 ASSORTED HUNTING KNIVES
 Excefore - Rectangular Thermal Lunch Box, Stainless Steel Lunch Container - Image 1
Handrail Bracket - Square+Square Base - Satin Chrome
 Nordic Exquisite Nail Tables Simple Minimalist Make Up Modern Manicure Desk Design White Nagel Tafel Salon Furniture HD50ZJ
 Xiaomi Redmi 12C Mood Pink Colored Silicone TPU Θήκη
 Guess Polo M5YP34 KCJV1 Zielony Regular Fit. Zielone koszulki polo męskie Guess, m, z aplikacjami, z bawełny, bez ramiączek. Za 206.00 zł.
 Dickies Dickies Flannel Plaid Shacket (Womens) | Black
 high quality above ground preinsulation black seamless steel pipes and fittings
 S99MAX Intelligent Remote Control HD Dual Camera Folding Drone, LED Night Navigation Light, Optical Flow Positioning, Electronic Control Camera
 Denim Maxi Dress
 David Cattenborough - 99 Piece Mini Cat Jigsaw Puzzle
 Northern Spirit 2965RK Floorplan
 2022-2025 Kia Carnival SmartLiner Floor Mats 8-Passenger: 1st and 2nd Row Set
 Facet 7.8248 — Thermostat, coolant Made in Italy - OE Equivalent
--
> _PROBLEM DESCRIPTION_
All lines from the one containing "Denim Maxi Dress" through the end of the data, and no others, are to be given again word for word.

> _REPLY TO THE TASK_
 Denim Maxi Dress
 David Cattenborough - 99 Piece Mini Cat Jigsaw Puzzle
 Northern Spirit 2965RK Floorplan
 2022-2025 Kia Carnival SmartLiner Floor Mats 8-Passenger: 1st and 2nd Row Set
 Facet 7.8248 — Thermostat, coolant Made in Italy - OE Equivalent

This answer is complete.